At the moment, the issue of debt slavery is very topical because of the case of Greece; but it is an issue that has a far more general significance.
Usury, the charging of interest on loans, has a history of being forbidden by several major religions, including not only the three Abrahamic religions, Judaism, Christianity and Islam, but also the ancient Vedic Scriptures of India.
Perhaps the reason for these religious traditions can be found in the remarkable properties of exponential growth. If any quantity, for example indebtedness, is growing at the rate of 3% per year, it will double in 23.1 years; if it is growing at the rate of 4% per year, the doubling time is 17.3 years. For a 5% growth rate, the doubling time is 13.9 years, if the growth rate is 7%, the doubling time is only 9.9 years. It follows that if a debt remains unpaid for a few years, most of the repayments will go for interest, rather than for reducing the amount of the debt.

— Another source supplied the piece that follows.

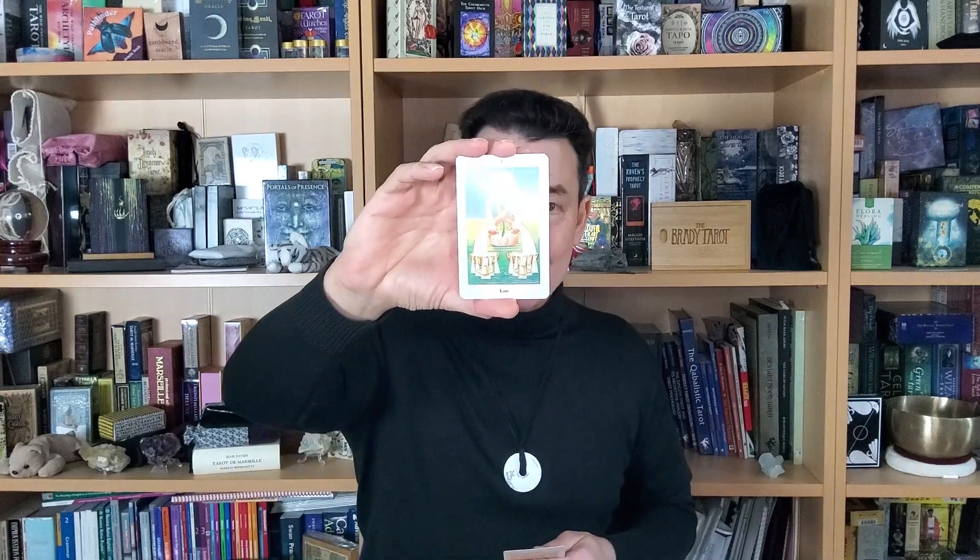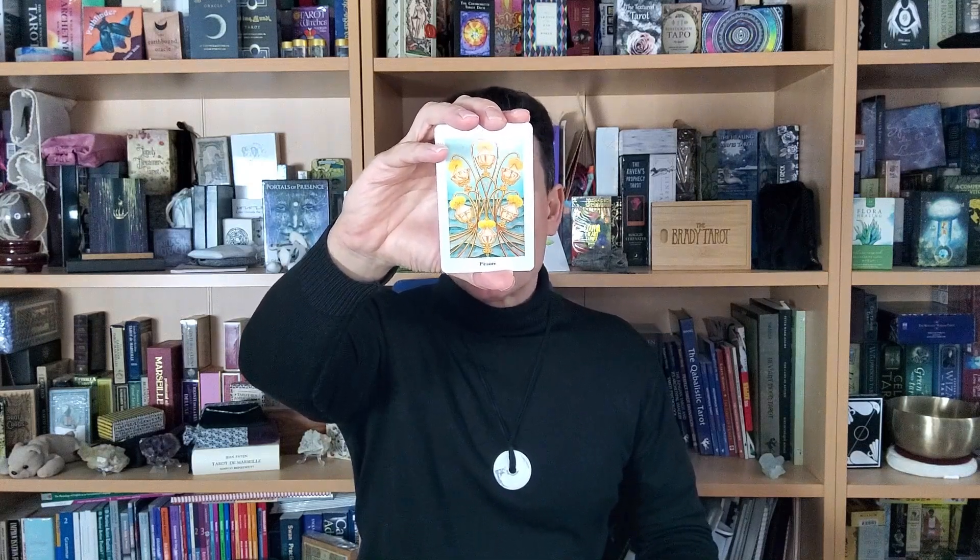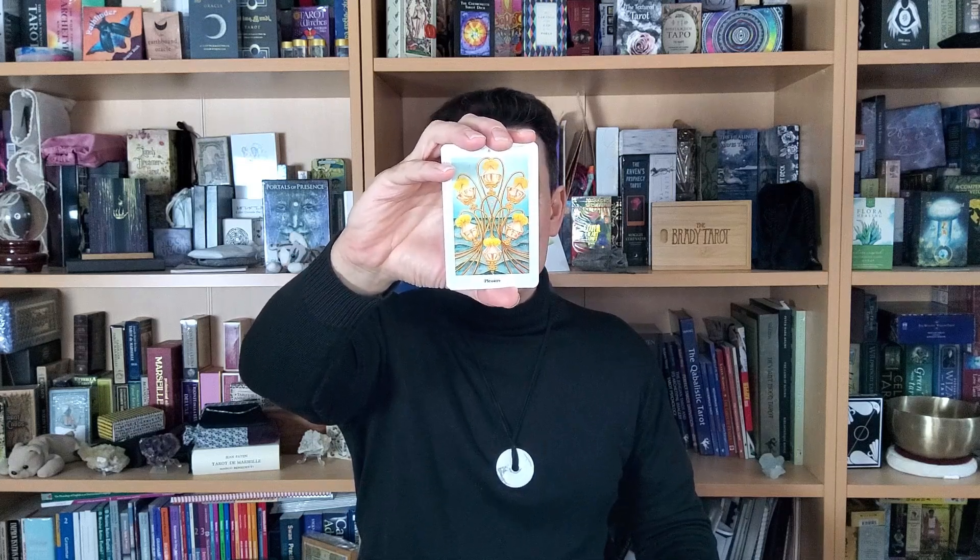Pleasure is associated with the Sun in Scorpio. Full disclosure: Scorpio is my rising sign — my sun sign is Leo, fixed fire; my ascending is Scorpio, fixed water. Those two are an interesting thing to be paired with each other, and bringing them together could very well be the work of the Two of Cups, where we bring the opposites of fire and water together.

In the case of the debts of third world countries to private banks in the industrialized parts of the world and to the IMF, many of the debts were incurred in the 1970’s for purposes which were of no benefit to local populations, for example purchase of military hardware. Today the debts remain, although the amount paid over the years by the developing countries is very many times the amount originally borrowed. Third world debt can be regarded as a means by which the industrialized nations extract raw materials from developing countries without any repayment whatever. In fact, besides extracting raw materials, they extract money. The injustice of this arrangement was emphasized recently by Pope Francis in his wonderful encyclical “Laudato Si’ ”.